--- Dataset extract Enclosed Below ---

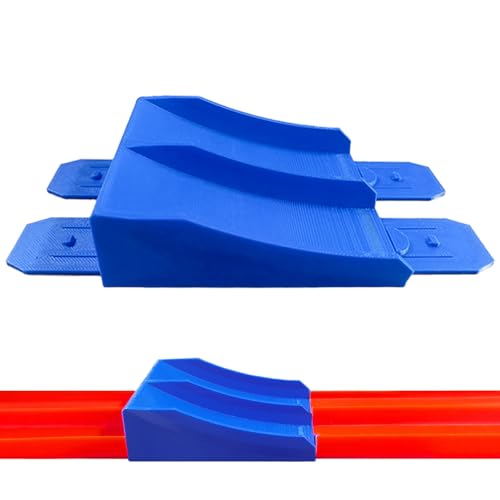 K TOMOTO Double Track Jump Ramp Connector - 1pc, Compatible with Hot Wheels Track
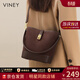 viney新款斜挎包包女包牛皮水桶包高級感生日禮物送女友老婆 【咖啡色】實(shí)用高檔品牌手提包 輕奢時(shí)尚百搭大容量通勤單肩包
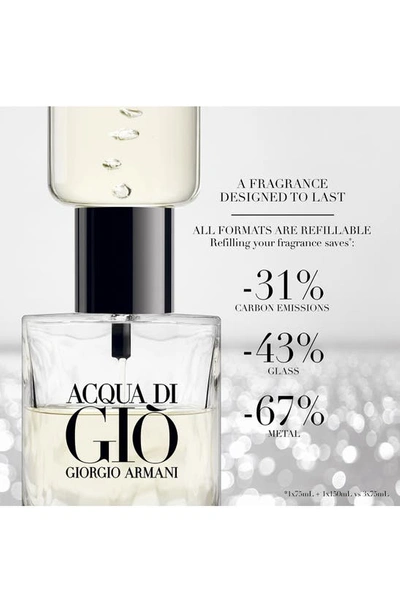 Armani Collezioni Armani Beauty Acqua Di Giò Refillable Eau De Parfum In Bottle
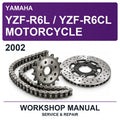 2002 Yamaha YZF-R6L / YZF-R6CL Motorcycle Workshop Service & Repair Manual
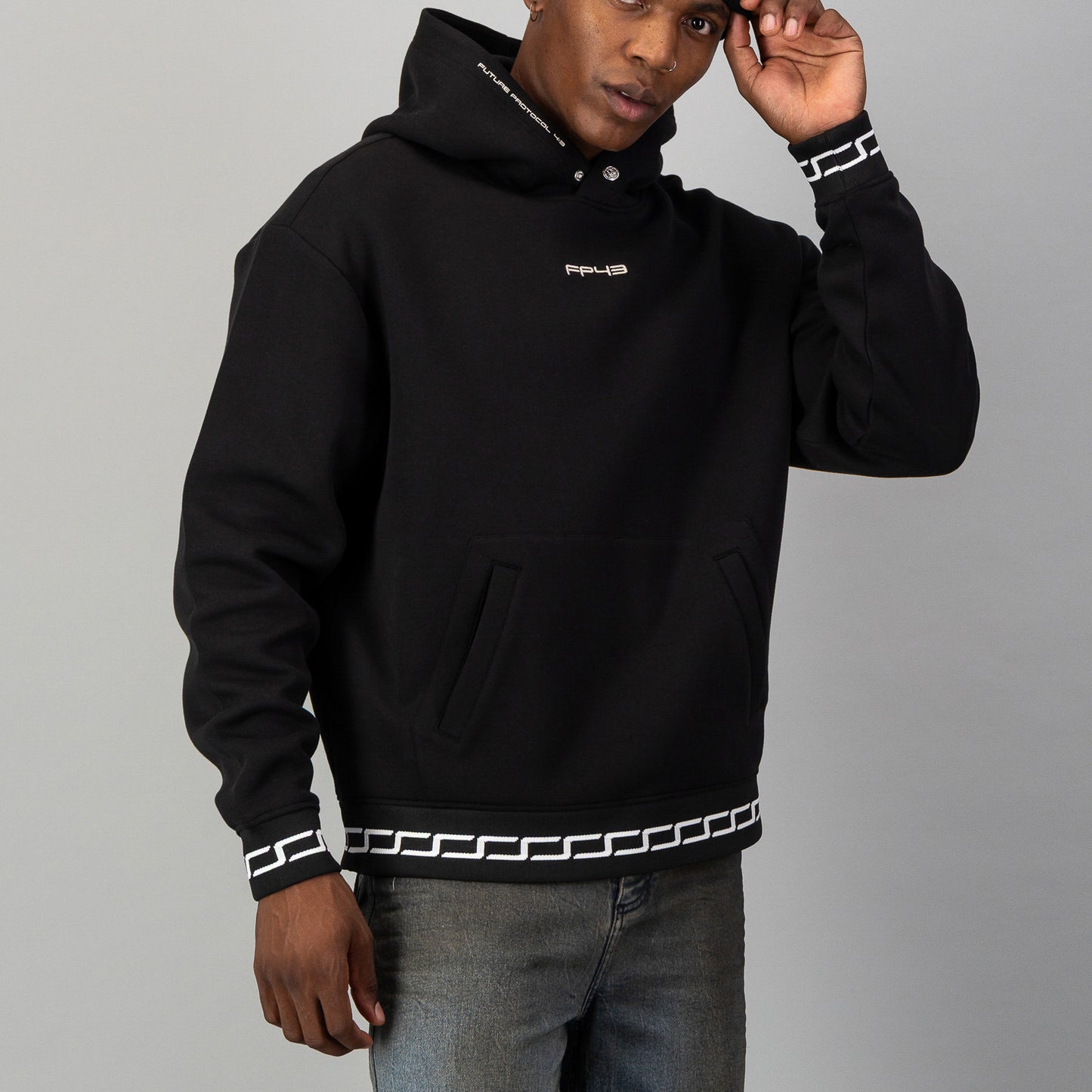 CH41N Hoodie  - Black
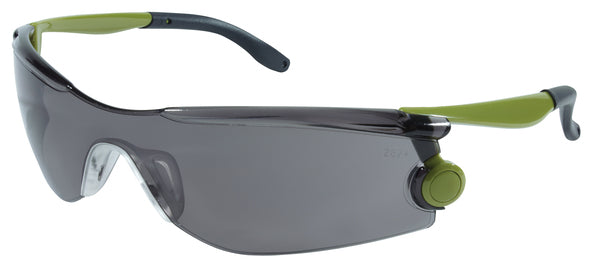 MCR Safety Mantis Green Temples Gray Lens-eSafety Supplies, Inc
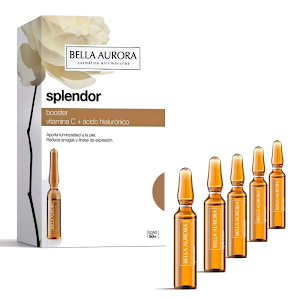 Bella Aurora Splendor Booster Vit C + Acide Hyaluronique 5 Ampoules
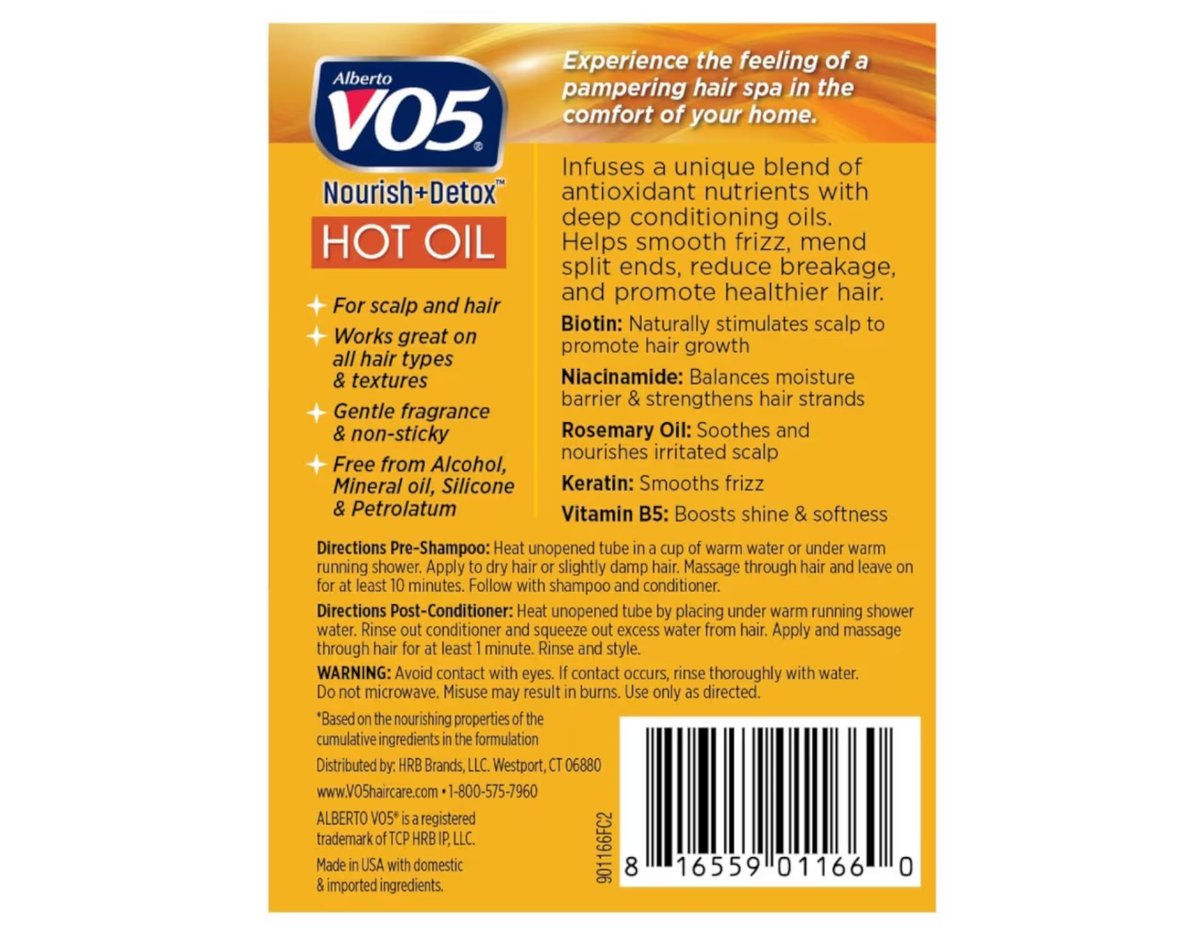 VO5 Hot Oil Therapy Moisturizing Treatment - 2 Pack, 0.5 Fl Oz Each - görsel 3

--- End of Enclosed Dataset extract ---
--- Dataset extract Enclosed Below ---

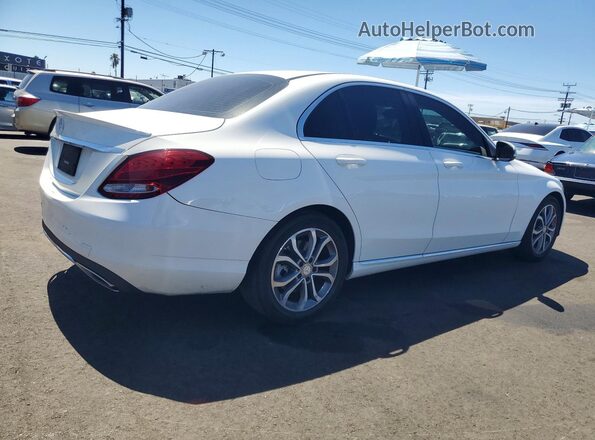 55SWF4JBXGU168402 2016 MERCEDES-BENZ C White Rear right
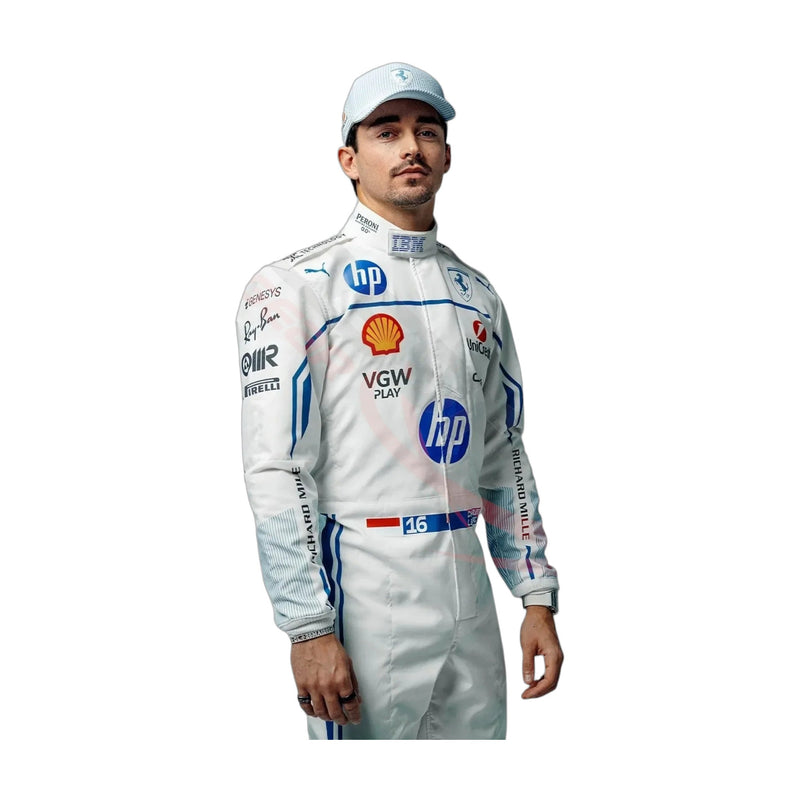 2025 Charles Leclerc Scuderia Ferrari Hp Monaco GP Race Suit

--- End of Enclosed Dataset extract ---
--- Dataset extract Enclosed Below ---

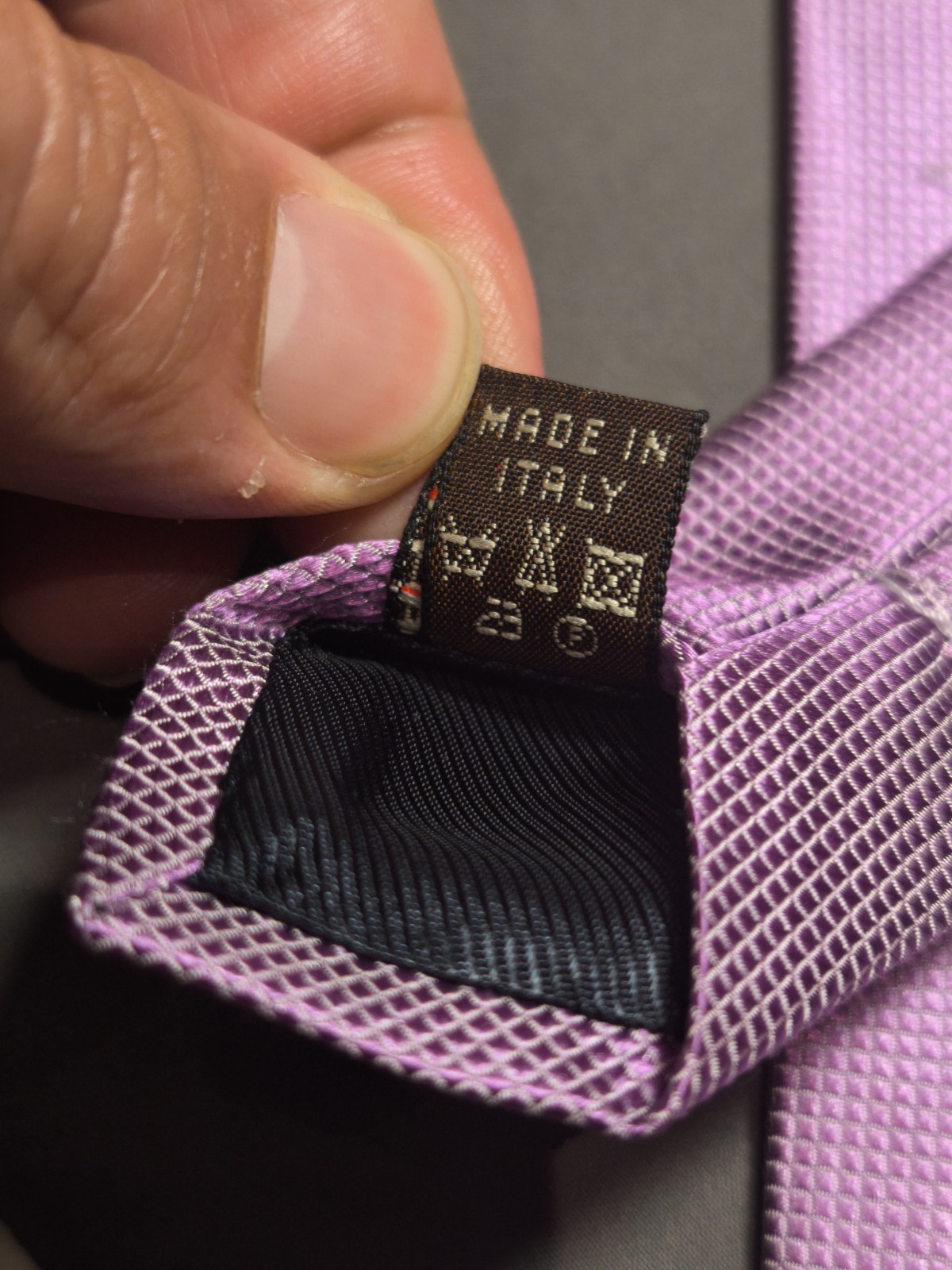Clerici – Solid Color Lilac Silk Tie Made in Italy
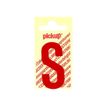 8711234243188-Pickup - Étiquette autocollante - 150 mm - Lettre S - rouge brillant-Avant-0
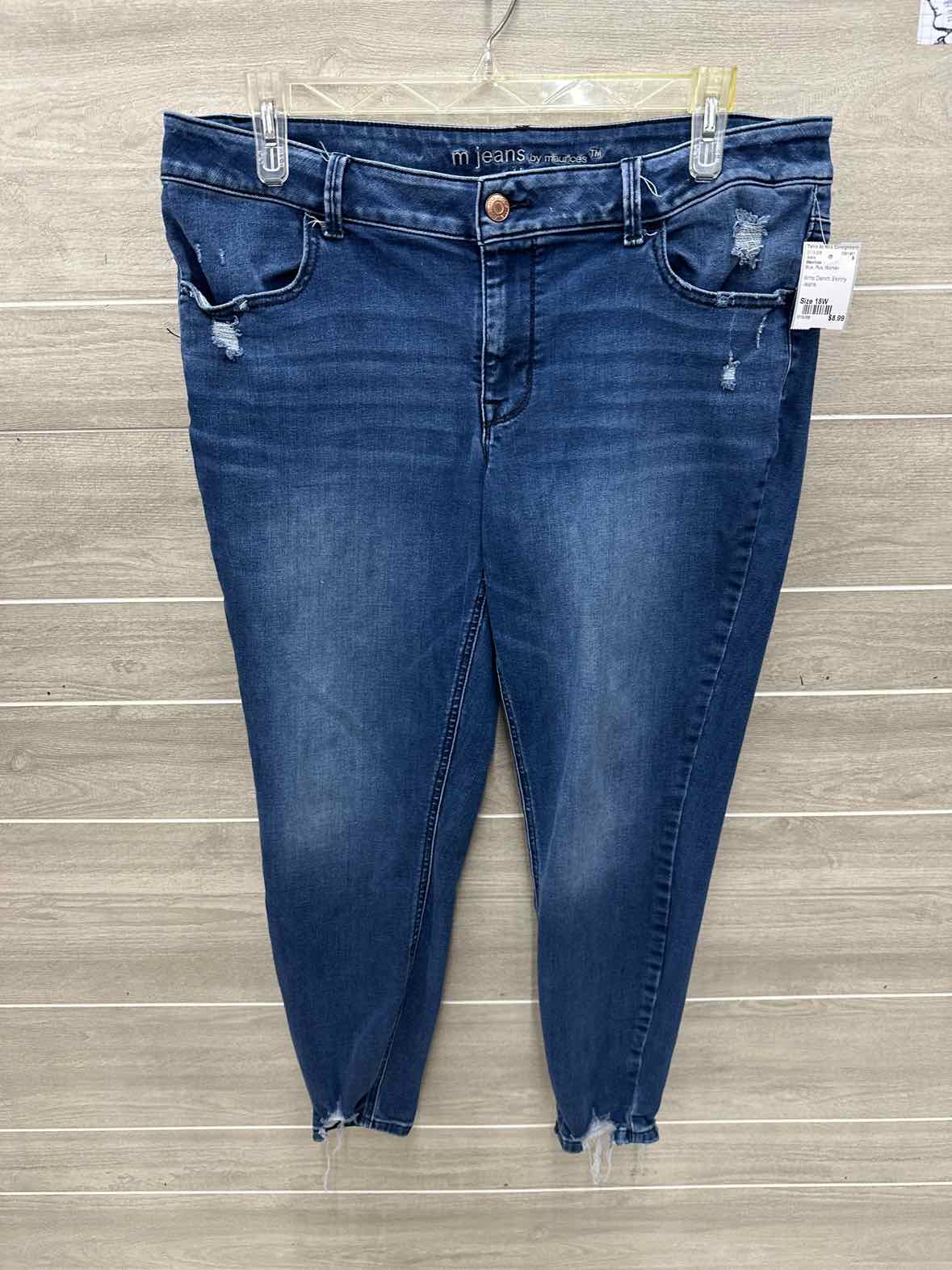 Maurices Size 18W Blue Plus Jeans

--- End of Enclosed Dataset extract ---

Exercise details — Taking the material above, give again exactly the lines from the one holding "55SWF4JBXGU168402 2016 MERCEDES-BENZ" through the one holding "2025 Charles Leclerc", with both ends and without pictures.

Exercise result —
 55SWF4JBXGU168402 2016 MERCEDES-BENZ C White Rear right
 2025 Charles Leclerc Scuderia Ferrari Hp Monaco GP Race Suit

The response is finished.